BACKGROUND ART LITERATURE
Patent Literature
Patent Literature 1: Japanese Patent Laid-open No. 2004-041064
Patent Literature 2: Japanese Patent Laid-open No. 2011-41474
Patent Literature 3: Japanese Patent Laid-open No. 2008-35728
Patent Literature 4: International Patent Laid-open No.
2013/001862
Patent Literature 5: US Patent Laid-open No. 2005/0281917
SUMMARY OF THE INVENTION
Problems to be Solved by the Invention
[0010] One object of the present invention is to provide a lactic
acid bacterium that inhibits secondary fermentation of silage and
thus proves useful in ideal preparation of silage. Another object
of the present invention is to provide a method for manufacturing
silage whose secondary fermentation is inhibited.

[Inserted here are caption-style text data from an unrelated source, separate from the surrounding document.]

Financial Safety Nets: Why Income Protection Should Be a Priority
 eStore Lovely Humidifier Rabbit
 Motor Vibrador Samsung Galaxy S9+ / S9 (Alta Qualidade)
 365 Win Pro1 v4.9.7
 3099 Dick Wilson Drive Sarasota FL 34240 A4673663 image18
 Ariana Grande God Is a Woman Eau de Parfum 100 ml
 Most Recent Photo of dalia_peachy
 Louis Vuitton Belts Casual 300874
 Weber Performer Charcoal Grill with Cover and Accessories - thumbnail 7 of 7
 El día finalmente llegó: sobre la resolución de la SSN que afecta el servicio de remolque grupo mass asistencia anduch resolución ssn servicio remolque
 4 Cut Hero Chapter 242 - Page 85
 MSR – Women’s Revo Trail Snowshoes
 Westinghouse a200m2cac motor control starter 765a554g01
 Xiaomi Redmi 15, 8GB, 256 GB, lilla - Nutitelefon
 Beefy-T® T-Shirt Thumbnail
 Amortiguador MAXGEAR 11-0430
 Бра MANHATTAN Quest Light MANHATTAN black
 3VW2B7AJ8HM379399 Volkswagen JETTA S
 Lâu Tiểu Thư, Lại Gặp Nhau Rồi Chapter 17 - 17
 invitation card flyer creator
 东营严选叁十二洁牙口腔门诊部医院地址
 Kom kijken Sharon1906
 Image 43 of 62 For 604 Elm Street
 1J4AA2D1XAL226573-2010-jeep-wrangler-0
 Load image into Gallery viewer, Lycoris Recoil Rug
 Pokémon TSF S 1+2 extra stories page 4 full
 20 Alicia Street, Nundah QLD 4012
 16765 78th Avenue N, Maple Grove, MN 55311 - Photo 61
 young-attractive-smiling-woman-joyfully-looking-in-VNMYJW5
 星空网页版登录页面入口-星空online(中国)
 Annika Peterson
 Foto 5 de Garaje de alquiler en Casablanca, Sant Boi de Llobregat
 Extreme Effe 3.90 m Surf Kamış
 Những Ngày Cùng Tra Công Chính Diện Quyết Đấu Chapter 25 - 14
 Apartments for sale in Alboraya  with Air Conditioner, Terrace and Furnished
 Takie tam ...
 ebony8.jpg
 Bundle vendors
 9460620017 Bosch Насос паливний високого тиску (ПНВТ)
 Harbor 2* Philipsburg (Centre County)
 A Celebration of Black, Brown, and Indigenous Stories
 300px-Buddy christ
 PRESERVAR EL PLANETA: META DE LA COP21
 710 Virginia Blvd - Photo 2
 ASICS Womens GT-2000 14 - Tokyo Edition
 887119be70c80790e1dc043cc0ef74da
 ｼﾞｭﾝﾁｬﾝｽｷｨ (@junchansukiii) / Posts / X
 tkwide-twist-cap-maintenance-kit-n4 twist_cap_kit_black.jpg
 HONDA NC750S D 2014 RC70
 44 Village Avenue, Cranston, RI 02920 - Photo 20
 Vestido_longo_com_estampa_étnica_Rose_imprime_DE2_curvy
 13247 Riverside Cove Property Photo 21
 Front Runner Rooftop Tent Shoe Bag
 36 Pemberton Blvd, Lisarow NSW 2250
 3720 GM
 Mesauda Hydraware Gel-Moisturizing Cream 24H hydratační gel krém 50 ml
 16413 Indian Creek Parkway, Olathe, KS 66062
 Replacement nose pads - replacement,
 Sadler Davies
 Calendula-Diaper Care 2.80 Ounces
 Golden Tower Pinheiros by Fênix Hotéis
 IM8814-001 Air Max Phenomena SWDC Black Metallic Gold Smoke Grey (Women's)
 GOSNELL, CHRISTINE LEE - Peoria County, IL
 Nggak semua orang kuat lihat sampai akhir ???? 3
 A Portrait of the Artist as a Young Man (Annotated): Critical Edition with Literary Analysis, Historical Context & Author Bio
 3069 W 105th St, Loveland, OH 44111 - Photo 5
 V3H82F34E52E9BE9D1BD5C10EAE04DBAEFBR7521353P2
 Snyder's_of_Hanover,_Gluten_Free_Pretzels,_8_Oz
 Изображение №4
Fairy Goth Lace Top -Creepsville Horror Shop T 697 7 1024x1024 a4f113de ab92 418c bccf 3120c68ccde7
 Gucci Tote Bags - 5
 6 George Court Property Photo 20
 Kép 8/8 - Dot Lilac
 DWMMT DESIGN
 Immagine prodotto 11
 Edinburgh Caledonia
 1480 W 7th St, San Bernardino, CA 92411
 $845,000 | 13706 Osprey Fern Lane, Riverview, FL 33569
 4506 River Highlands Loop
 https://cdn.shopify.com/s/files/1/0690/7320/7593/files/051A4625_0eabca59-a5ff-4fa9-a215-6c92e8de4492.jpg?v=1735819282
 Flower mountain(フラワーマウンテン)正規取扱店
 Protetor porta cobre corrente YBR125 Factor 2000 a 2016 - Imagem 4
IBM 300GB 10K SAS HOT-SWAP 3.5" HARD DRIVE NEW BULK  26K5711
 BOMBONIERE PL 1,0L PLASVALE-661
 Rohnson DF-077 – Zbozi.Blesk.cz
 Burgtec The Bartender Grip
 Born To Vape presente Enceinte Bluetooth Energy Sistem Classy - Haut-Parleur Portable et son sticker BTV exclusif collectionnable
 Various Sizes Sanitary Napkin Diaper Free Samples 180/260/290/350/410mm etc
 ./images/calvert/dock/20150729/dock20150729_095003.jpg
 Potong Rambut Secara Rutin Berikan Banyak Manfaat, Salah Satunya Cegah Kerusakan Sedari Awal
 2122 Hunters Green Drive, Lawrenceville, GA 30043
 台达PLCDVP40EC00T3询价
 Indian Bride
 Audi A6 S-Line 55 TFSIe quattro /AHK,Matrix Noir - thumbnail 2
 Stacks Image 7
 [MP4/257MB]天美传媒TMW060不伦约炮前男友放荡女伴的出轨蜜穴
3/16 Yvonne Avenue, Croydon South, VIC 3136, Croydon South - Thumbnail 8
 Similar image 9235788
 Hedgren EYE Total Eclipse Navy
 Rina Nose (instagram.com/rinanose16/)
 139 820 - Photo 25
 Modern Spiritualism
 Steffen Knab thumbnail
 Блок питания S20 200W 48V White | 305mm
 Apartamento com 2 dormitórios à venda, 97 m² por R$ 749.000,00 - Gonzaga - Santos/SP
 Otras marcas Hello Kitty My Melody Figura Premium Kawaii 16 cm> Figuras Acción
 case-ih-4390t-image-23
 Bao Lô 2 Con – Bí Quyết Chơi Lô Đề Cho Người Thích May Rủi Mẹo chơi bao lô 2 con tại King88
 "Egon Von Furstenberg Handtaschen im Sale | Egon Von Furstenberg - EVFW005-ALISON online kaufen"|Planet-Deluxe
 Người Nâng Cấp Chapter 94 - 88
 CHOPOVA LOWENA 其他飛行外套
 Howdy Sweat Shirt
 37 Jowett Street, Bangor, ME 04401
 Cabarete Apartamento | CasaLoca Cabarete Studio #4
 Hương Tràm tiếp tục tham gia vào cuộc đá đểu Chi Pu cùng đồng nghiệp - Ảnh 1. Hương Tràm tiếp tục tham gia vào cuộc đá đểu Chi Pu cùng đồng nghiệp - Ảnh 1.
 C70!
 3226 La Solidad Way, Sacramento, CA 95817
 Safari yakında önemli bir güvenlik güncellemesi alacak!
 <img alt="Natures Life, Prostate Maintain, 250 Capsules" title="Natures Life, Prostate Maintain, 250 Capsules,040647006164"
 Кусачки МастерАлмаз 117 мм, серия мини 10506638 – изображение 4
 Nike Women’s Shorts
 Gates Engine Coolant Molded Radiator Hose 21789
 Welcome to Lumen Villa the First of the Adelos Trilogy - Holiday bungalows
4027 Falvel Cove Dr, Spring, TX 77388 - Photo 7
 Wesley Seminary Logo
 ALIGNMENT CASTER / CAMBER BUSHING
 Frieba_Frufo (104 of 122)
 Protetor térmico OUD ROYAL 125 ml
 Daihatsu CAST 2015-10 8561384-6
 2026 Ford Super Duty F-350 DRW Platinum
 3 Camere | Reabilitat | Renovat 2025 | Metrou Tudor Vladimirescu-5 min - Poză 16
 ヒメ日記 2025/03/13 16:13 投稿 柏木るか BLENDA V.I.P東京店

Means for Solving the Problems
[0011] After a great deal of research and repeated screenings of
lactic acid bacteria for preparing silage and feeds to achieve the
aforementioned objects, the inventors of the present invention
identified a group of Lactobacillus diolivorans having anti-yeast
action, from among the Lactobacillus diolivorans that were not
heretofore drawing attention as lactic acid bacteria for preparing
silage. The Lactobacillus diolivorans in this group were confirmed
to be highly capable of producing lactic acid and acetic acid, to
improve the quality of silage. The aforementioned objects were
achieved by utilizing this group of Lactobacillus diolivorans.
[0012] The present invention encompasses the following
constitutions.
(1) A lactic acid bacterium for preparing silage, constituted by a
Lactobacillus diolivorans having anti-yeast action. (2) A lactic
acid bacterium according to (1), wherein the Lactobacillus
diolivorans is the Lactobacillus diolivorans SBS-0006 strain (NITE
BP-02208), Lactobacillus diolivorans SBS-0007 strain (NITE
BP-02209), or Lactobacillus diolivorans SBS-0009 (NITE BP-02210).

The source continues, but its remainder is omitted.